• _SOURCE DATA_
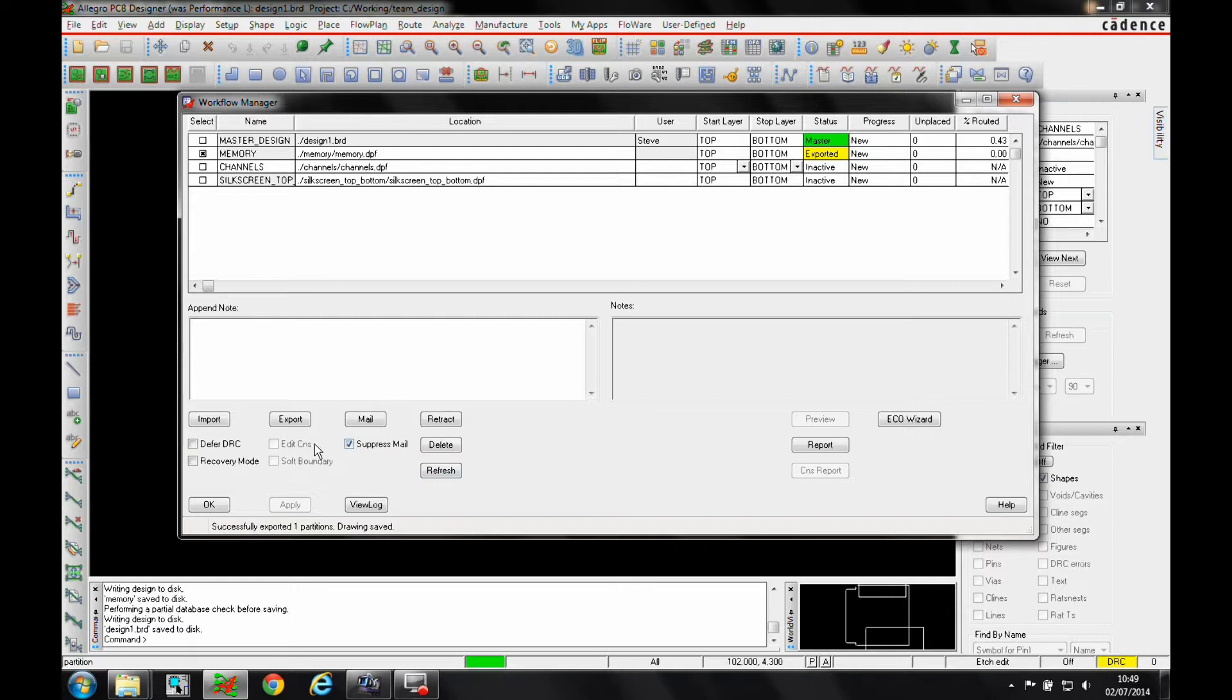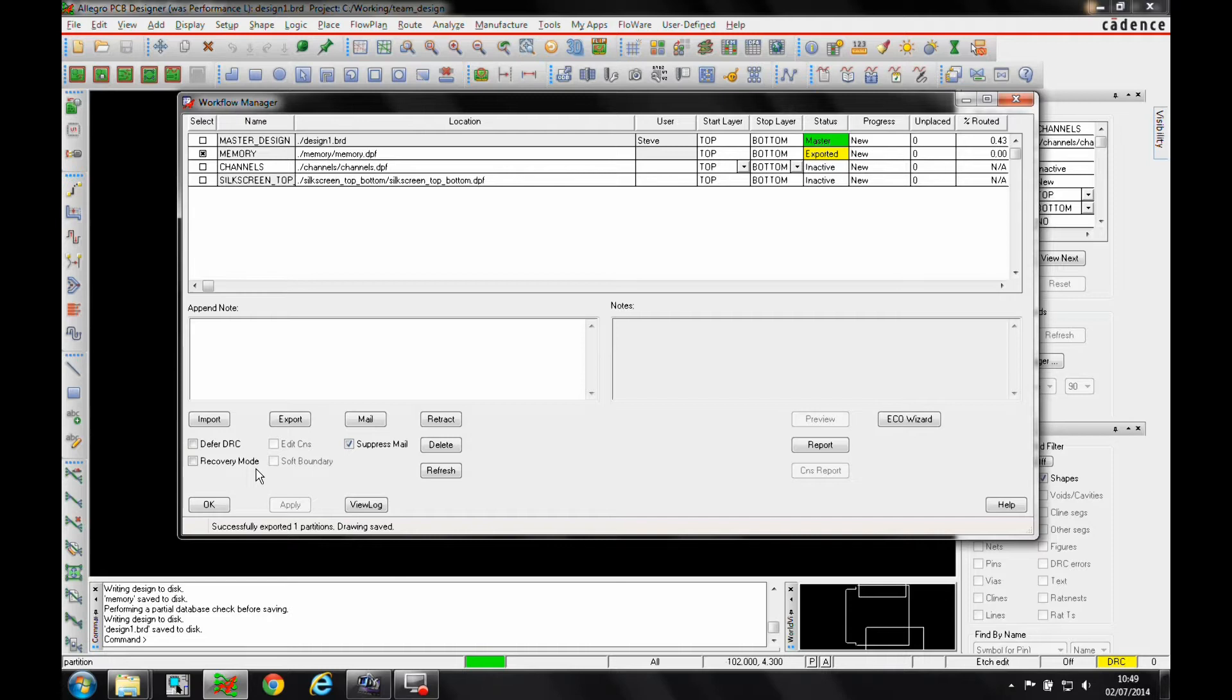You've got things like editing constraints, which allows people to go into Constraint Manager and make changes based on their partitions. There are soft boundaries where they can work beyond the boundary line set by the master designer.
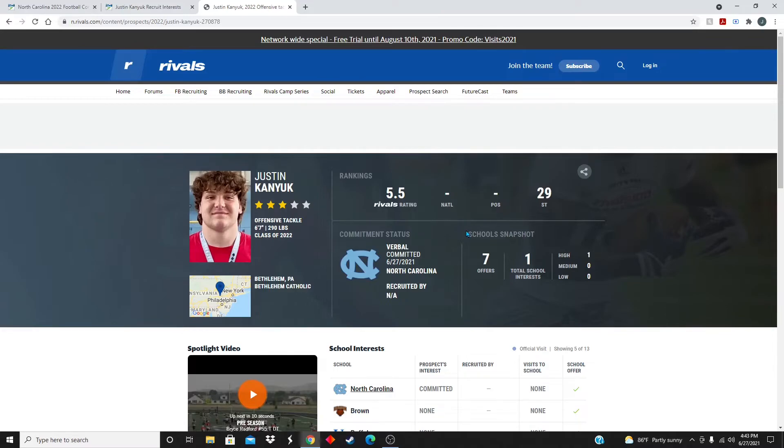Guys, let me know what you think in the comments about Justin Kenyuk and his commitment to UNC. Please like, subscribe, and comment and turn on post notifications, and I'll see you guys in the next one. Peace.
* * *
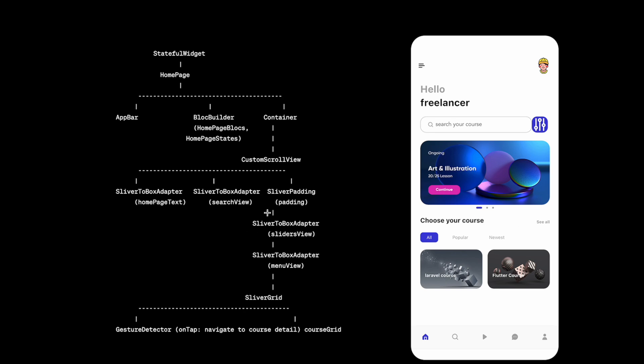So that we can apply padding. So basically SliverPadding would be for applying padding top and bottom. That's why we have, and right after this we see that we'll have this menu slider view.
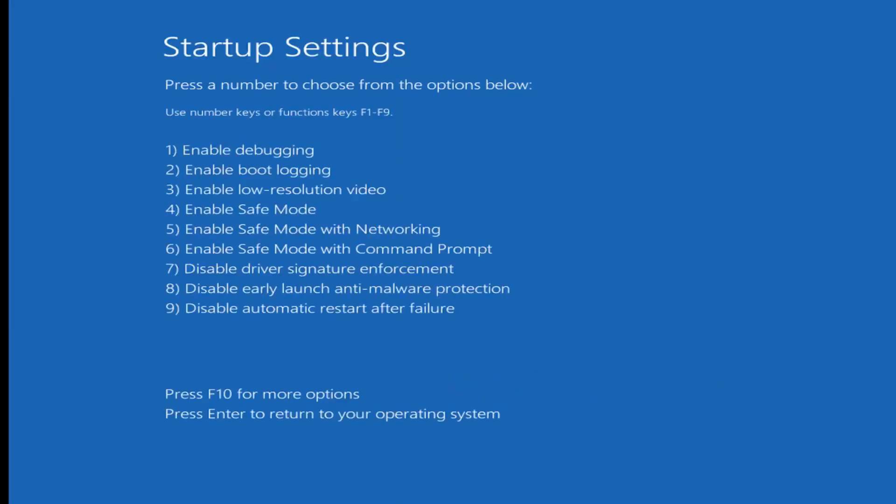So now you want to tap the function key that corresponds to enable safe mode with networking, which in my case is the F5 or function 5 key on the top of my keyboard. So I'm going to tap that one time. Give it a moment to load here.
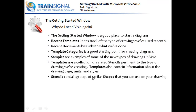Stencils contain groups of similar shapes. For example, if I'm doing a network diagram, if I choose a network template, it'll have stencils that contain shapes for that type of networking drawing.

• _YOUR OBJECTIVE_
Starting at the line with "So now you want" in the entries above, write out every line exactly until the line with "Stencils contain groups" has been written. Include no pictures and nothing more.

• _PROBLEM SOLUTION_
So now you want to tap the function key that corresponds to enable safe mode with networking, which in my case is the F5 or function 5 key on the top of my keyboard. So I'm going to tap that one time. Give it a moment to load here.
Stencils contain groups of similar shapes. For example, if I'm doing a network diagram, if I choose a network template, it'll have stencils that contain shapes for that type of networking drawing.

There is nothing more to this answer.